La République du Mali est désormais devenue République de l’Azawad. En tout cas aux deux tiers, depuis que le MNLA et son grand-frère, Ansar Dine, ont planté leurs tentes dans les régions de Gao, Tombouctou et Kidal. Comme l’Azawad n’a pas de Constitution, encore moins de gouvernement, la liberté de la presse ne peut y être reconnue. Par effet de contagion donc, Mali et Azawad s’entendent pour casser la pipe aux journalistes.
A tout seigneur, tout honneur. Notre confrère Abdramane Kéita, du journal Aurore (le deuxième journal à voir le jour en 1990), a reçu une visite de courtoisie d’hommes en uniforme. Le compère, qui ne ratait pas une occasion de dire tout le bien qu’il pensait des militaires, a eu droit à un festin digne des rois avec, au menu, quantité de coups de gourdin et de bottes. Il en a été quitte pour un bon séjour en clinique. Histoire de corriger son vocabulaire et ses pensées politiques envers les militaires.
Habi Baby, un confrère promoteur de La Caravane et de Pays émergent, est abonné aux disparitions et aux enlèvements. Il ne se passe pas de semaine sans que le pauvre soit braqué au détour d’une rue puis conduit, par la culotte (s’il vous plaît), dans un lieu inconnu où une foule d’hommes en uniforme l’arrose de questions et d’injures. Heureusement pour lui, il reparaît toujours, sans un œil en moins. A croire qu’avant de le remettre en circulation, les ravisseurs confient toujours Baby aux médecins français du Val de Grâce (les mêmes qui ont soigné un bastonné célèbre de Koulouba).
Sory Haidara, directeur de publication de La Nouvelle Patrie, a eu droit, lui aussi, à un traitement de faveur. Ses écrits, sans doute trop mielleux aux yeux des militaires, lui ont valu un enlèvement en première classe et une conduite, sous bonne garde, dans un lieu secret où des hommes cagoulés lui ont donné des leçons musclées. Par ces temps de guerre, en effet, seules les leçons musclées méritent d’être enseignées dans les écoles d’enlèvement. Au jour d’aujourd’hui, Haidara est entré en clandestinité. Pourvu qu’il garde le souvenir de son journal…
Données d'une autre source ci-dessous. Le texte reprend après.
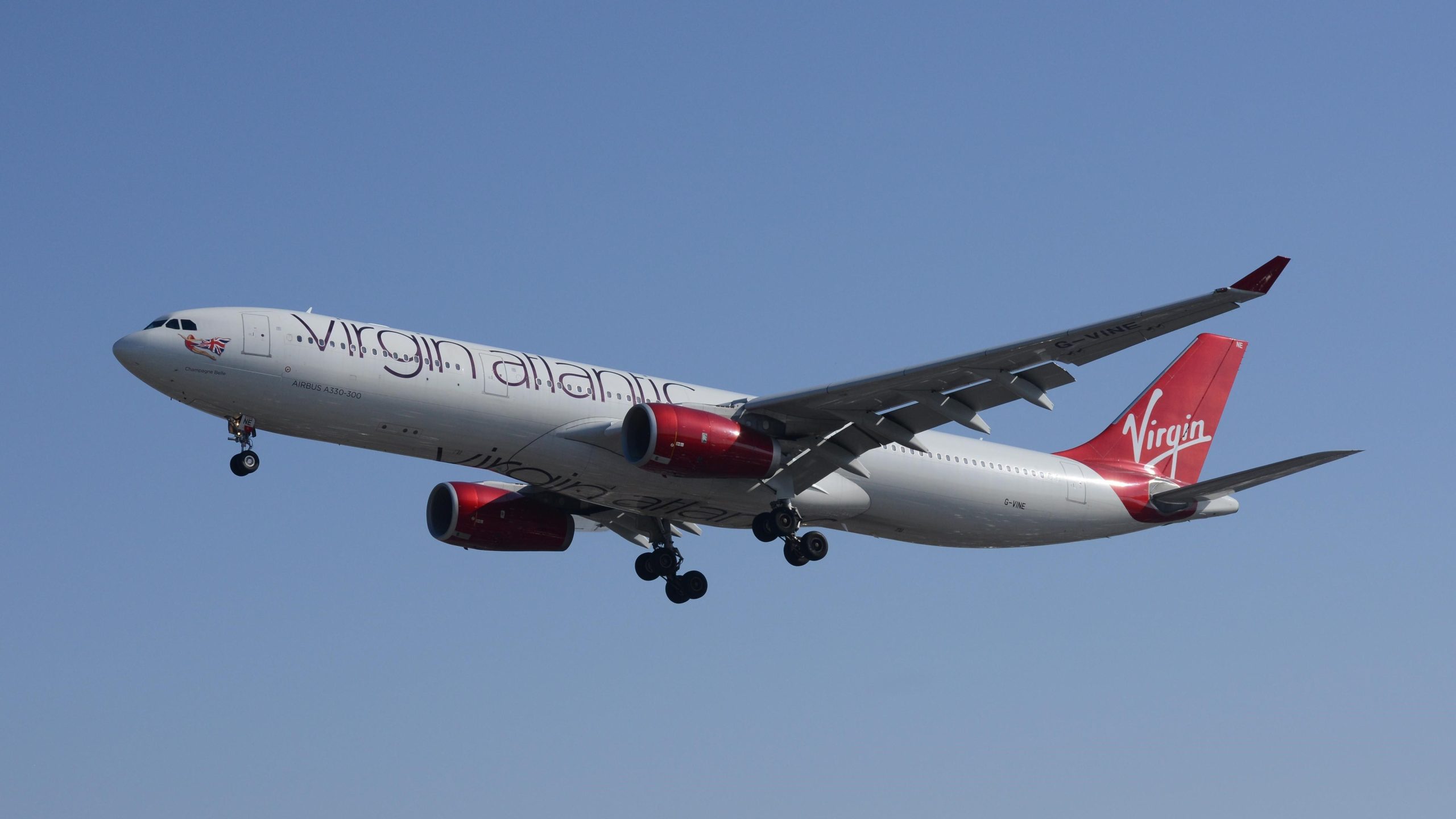 先祖返り：アトランタに縛られたエアバスA330を覆い隠した水の大砲の敬礼方法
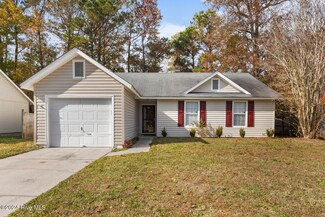2908 Norbrick St, Midway Park, NC 28544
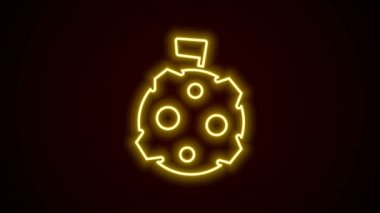 Siyah zemin üzerinde bayrak simgesi olan parlak neon hattı Moon. 4K Video hareketli grafik canlandırması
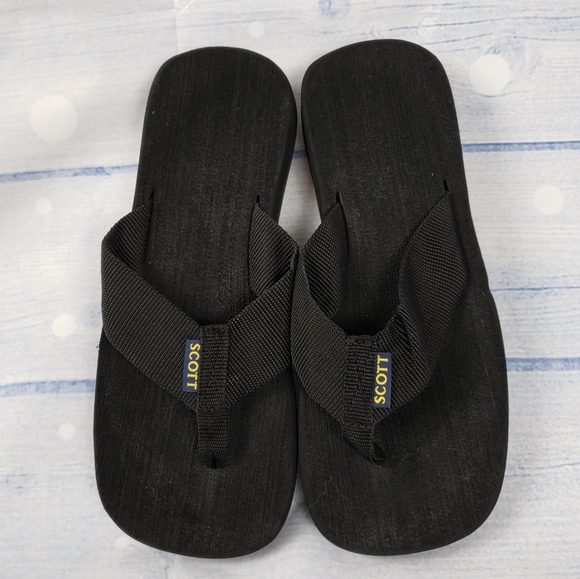 Scott Wahine from Hawaii, New Flipflops.Ladies sz 8. All black easy to rinse off - Picture 1 of 9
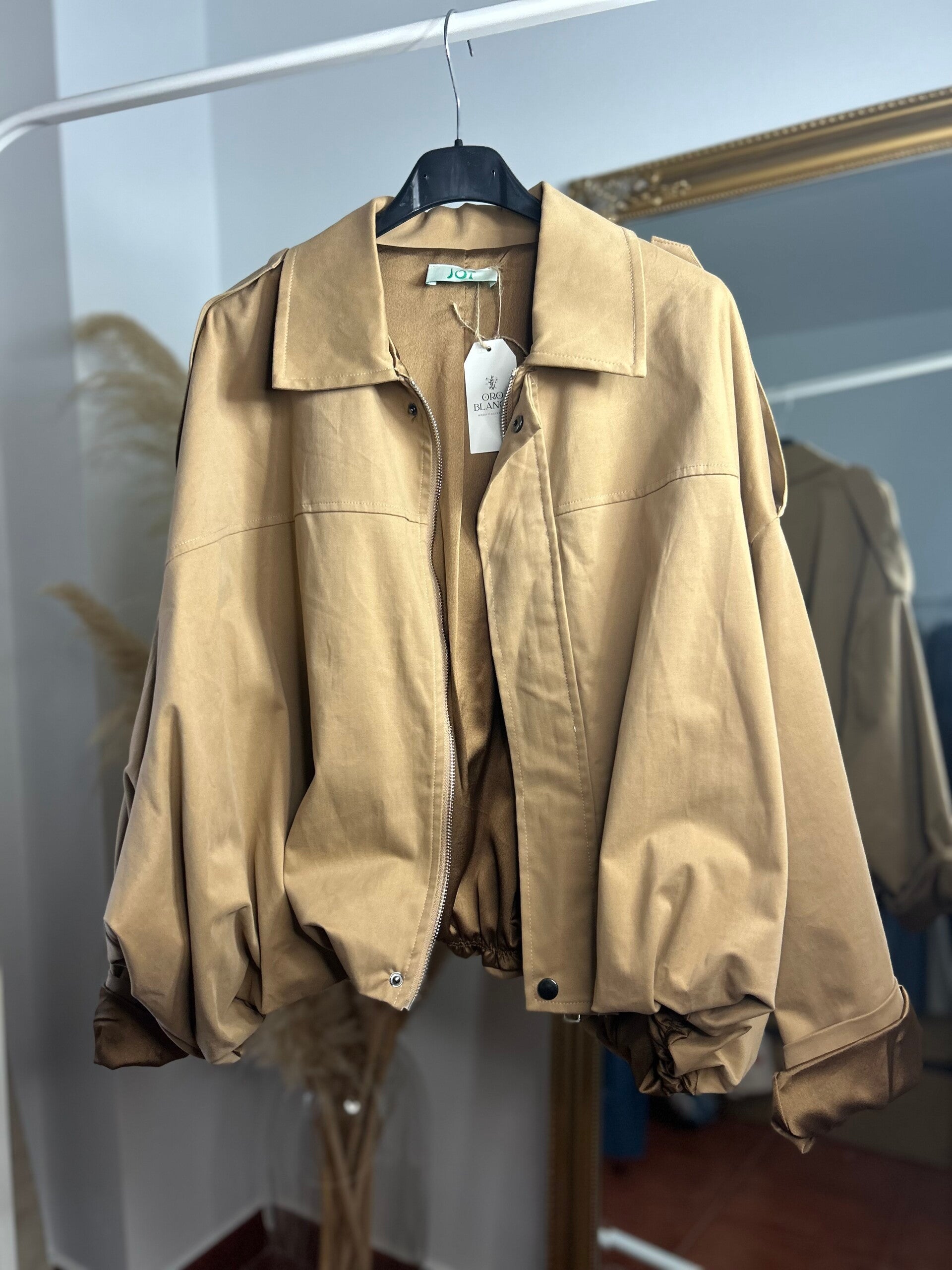 BOMBER CARLA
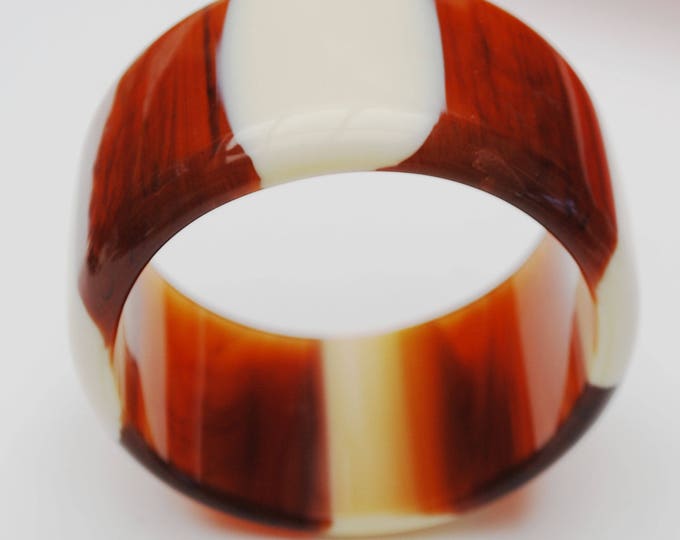 stripped Lucite bangle - Root beer Brown- Cream white - Vintage plastic bracelet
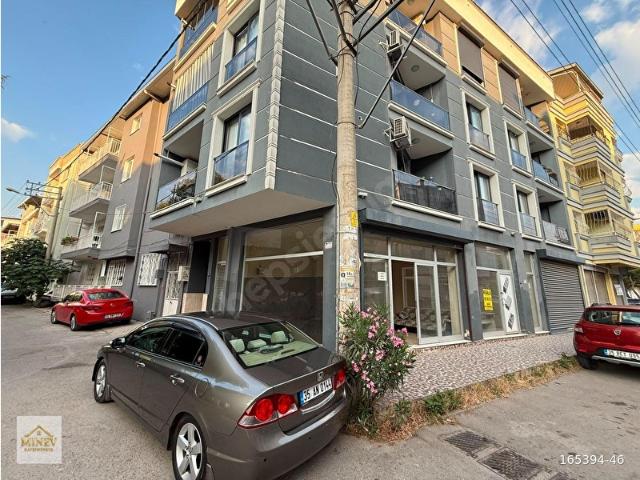 Buca, İzmir içerisinde satılık Dükkan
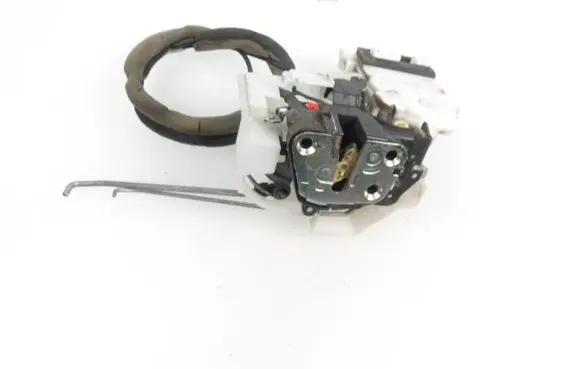 Mazda CX-9 Front door lock Y18TL2
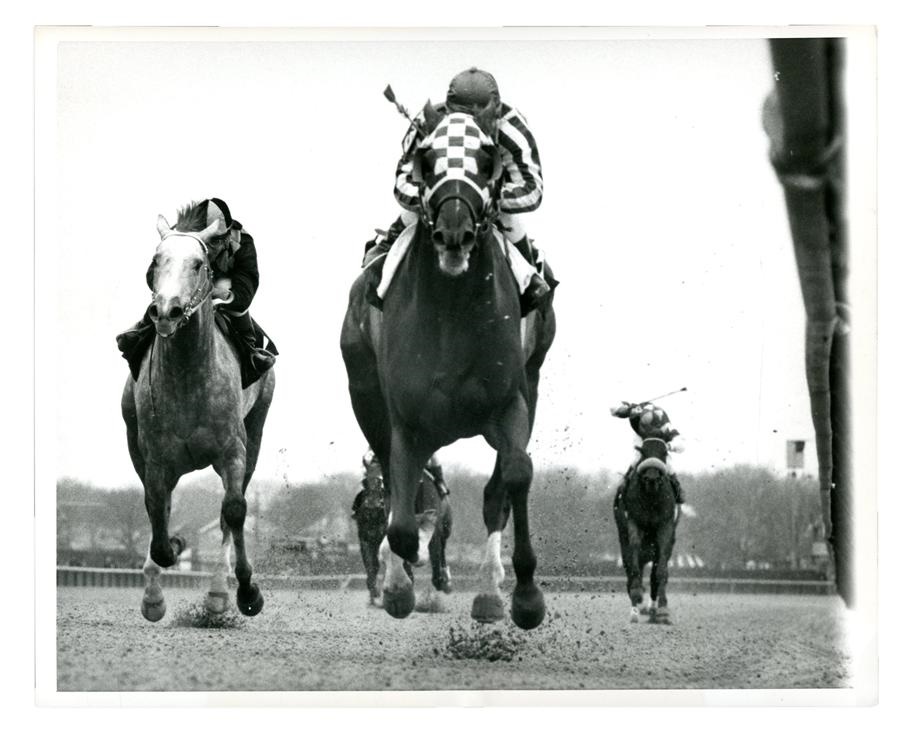 Horse Racing - Secretariat Wins Belmont Press Photo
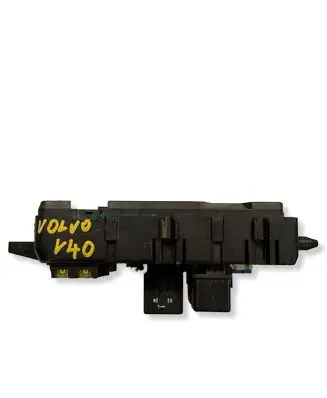 Volvo S40, V40 Fuse module 8200029342B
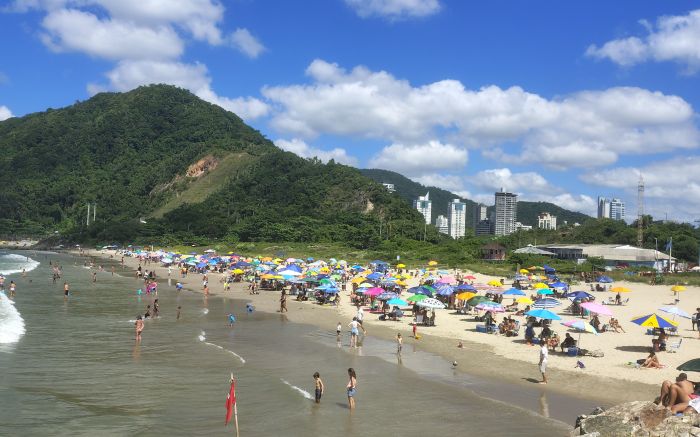 Final de semana foi de calor e praia lotada (Foto: Fran Marcon)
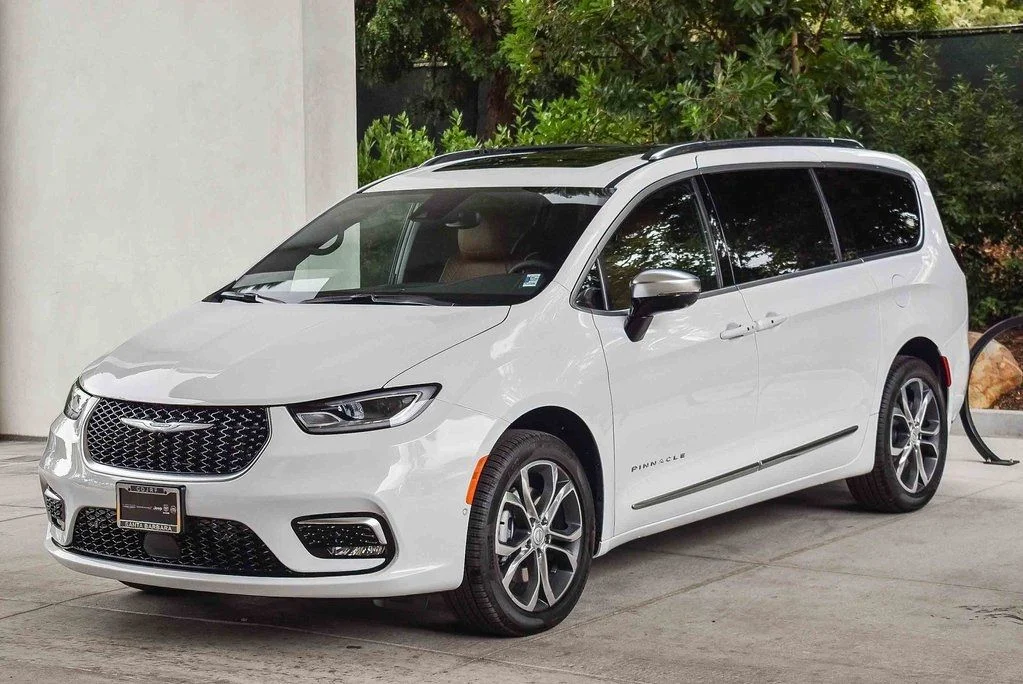 New 2026 Bright White Clear-Coat Exterior Paint Chrysler Pinnacle image 3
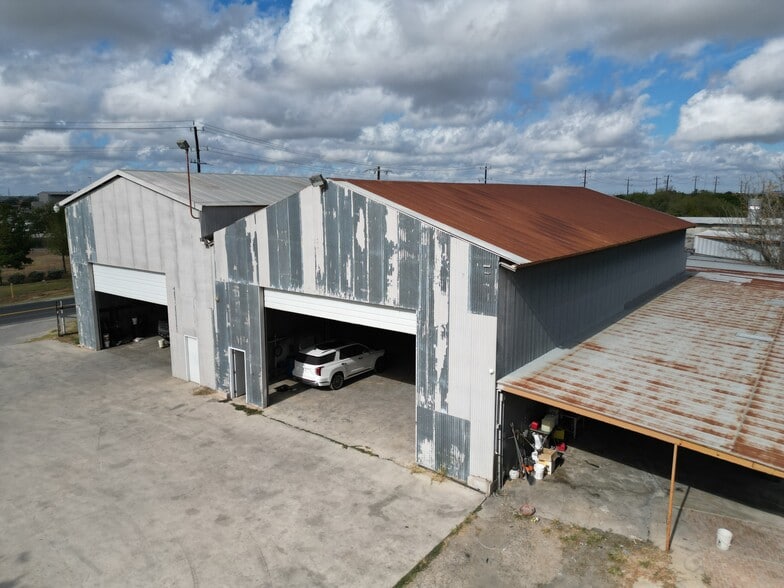 More Photos Of 11390 Old Corpus Christi, San Antonio Service For Sale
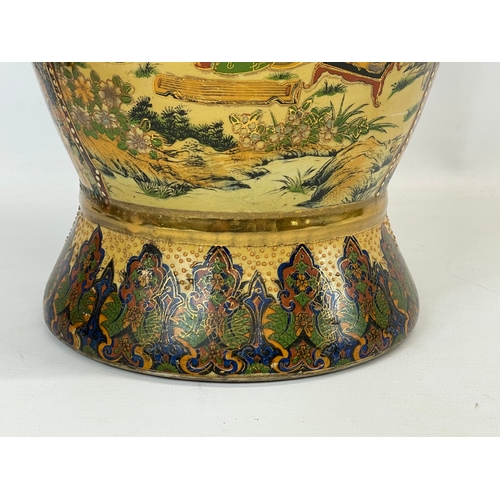 709 - A large Chinese pot. 60cm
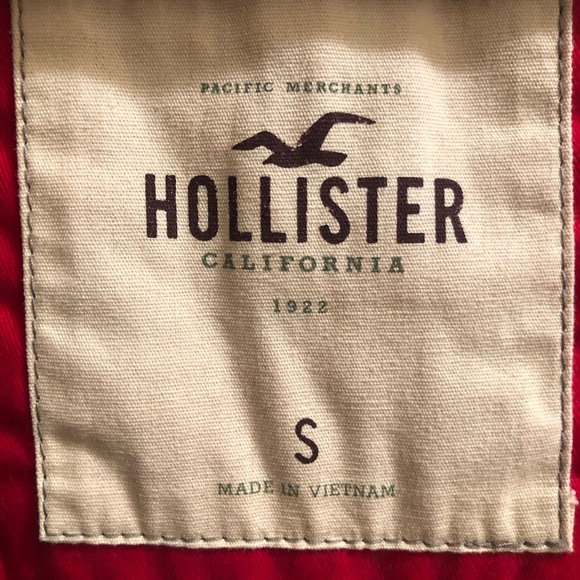 Hollister red jacket - Picture 3 of 6
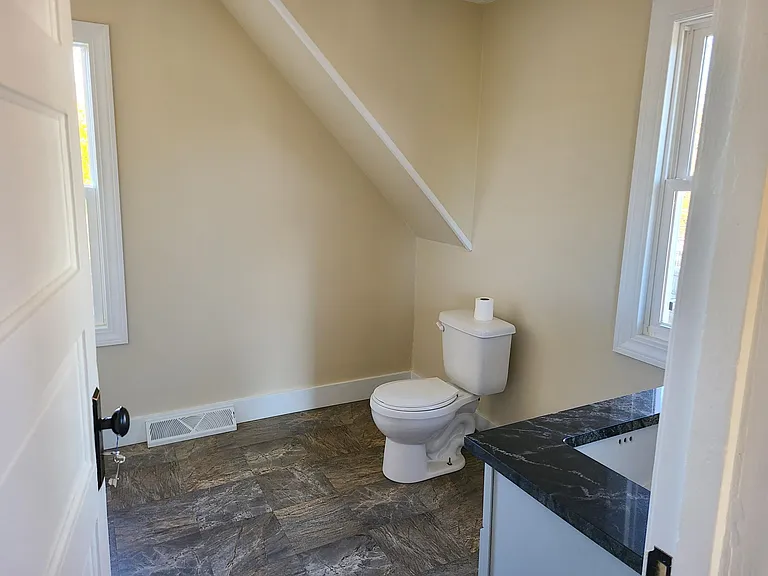 1121 Diamond Ave — Photo 7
Birama Fall, directeur du Prétoire, a raté de peu un rendez-vous avec les gens cagoulés. C’est son téléphone qui l’a sauvé puisqu’en l’écoutant clandestinement, des hommes en uniforme l’ont promptement interpellé pour lui interdire d’écrire ce qu’il voulait écrire. Un délit d’intention en somme. Comme Birama n’est pas très têtu et qu’il sait de quoi un bâton et des bottes sont capables, il a tu ce qu’il devait écrire et a eu le dos sauf.
Saouti Haidara, directeur de l’Indépendant, s’est montré plus bavard. Ses analyses démocratiques et antimilitaristes plaisaient tant en haut lieu qu’elles lui ont valu un transport de première classe – et gratuit, bien sûr – dans la brousse. Là, on lui a bien dit que son cas va servir de leçon aux autres journalistes et à tous ceux qui emmerdent le monde. En fait d’exemple vivant à donner, Saouti a eu le bras cassé et le crâne couvert de bosses. C’est vrai que dans cet état, on perd tout sens de l’analyse et qu’on a mille chances de ne pas faire d’adeptes. Ou de talibés, selon qu’on est au Mali ou dans la République terroriste de l’Azawad.
Saouti est sans conteste le roi des bastonnés nocturnes. Lui au moins a eu droit à un reportage de l’ORTM (la télé nationale) et même, honneur insigne, à une visite de condoléances de trois ministres (excusez du peu!): celle du ministre des sports (sans doute pour lui apprendre à fuir en cas de nouvelle attaque ); celle du ministre des Maliens de l’extérieur (peut-être pour lui donner l’idée de rejoindre le “Vieux Commando” à Dakar?) et, enfin, la visite du ministre du commerce et des mines, histoire, peut-être, de lui apprendre à se reconvertir en marchand de bopis opu en orpailleurs au cas où il quitterait la presse.
Le comble, c’est qu’aucune des agressions n’a suscité d’enquêtes ni de jugement. Il est vrai qu’on ne peut condamner des cagoules ni des uniformes, n’est-ce pas ? Il est vrai aussi que les journalistes battus ont un illustre devancier en la personne du président de la transition lui-même! En attendant notre tour, que nous espérons lointain, Procès-Verbal souhaite prompt rétablissement aux blessés de la guerre nocturne et prie pour que les plumes agressées ne meurent pas de leur belle mort. De mémoire de Malien et d’Azawadien, jamais un bâton, si gros soit-il, n’a vaincu une plume.